The aim of the present study was to understand the molecular mechanisms of osteosarcoma by comprehensive analysis of microRNA (miRNA/miR) and copy number variation (CNV) microarray data. Microarray data (GSE65071 and GSE33153) were downloaded from the Gene Expression Omnibus. In GSE65071, differentially expressed miRNAs between the osteosarcoma and control groups were calculated by the Limma package. Target genes of differentially expressed miRNAs were identified by the starBase database. For GSE33153, PennCNV software was used to perform the copy number variation (CNV) analysis. Overlapping of the genes in CNV regions and the target genes of differentially expressed miRNAs were used to construct miRNA‑gene regulatory network using the starBase database.

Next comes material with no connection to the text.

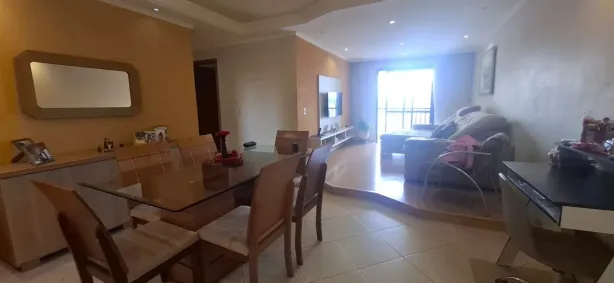 Apartamento com 3 Quartos à venda, 105m² no Vila Bocaina, Mauá
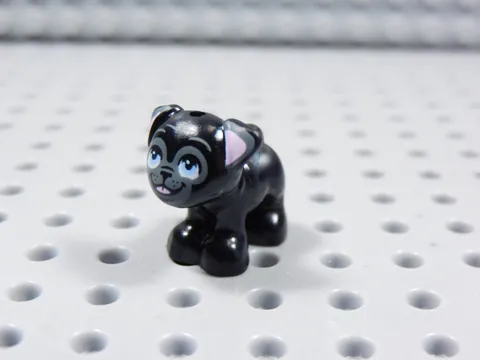 LEGO Friends Frenchie the Bulldog Animal Dog Puppy Minifig BG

A total of 149 differentially expressed miRNAs, including 13 downregulated and 136 upregulated, were identified. In the GSE33153 dataset, 987 CNV regions involving in 3,635 genes were identified. In total, 761 overlapping genes in 987 CNV regions and in the genes in 7,313 miRNA‑gene pairs were obtained. miRNAs (hsa‑miR‑27a‑3p, hsa‑miR‑124‑3p, hsa‑miR‑9‑5p, hsa‑miR‑182‑5p, hsa‑miR‑26a‑5p) and the genes [Fibroblast growth factor receptor substrate 2 (FRS2), coronin 1C (CORO1C), forkhead box P1 (FOXP1), cytoplasmic polyadenylation element binding protein 4 (CPEB4) and glucocorticoid induced 1 (GLCCI1)] with the highest degrees of association with osteosarcoma development were identified. Hsa‑miR‑27a‑3p, hsa‑miR‑9‑5p, hsa‑miR‑182‑5p, FRS2, CORO1C, FOXP1 and CPEB4 may be involved in osteosarcoma pathogenesis, and development.

Introduction

Osteosarcoma is the most common type of primary bone tumor in adolescents and young adults (1,2), and is characterized by an abundance of genomic aberrations (3). According to previous studies, the 5-year survival rate of osteosarcoma is 60–70%, and the prognosis has not significantly improved over the last 30 years (4). Despite improvements in osteosarcoma treatment, the molecular mechanism underlying osteosarcoma development remains unclear. Therefore, it is important to explore the molecular mechanism of osteosarcoma development to additionally improve osteosarcoma treatment. However, the mechanisms of osteosarcoma development are complex, and numerous factors, including genes associated with osteosarcoma (3), copy number variations (CNVs) across the whole genome (5) and miRNAs (6), may contribute to the development of osteosarcoma. In particular, CNV may contribute to the development of various types of cancer, including osteosarcoma and B-cell lymphoma (7,8). CNV has been considered as a marker for cancer predisposition (9). CNV may contribute to the pathogenesis of osteosarcoma (10) and the disease risk for diffuse large B-cell lymphoma (11).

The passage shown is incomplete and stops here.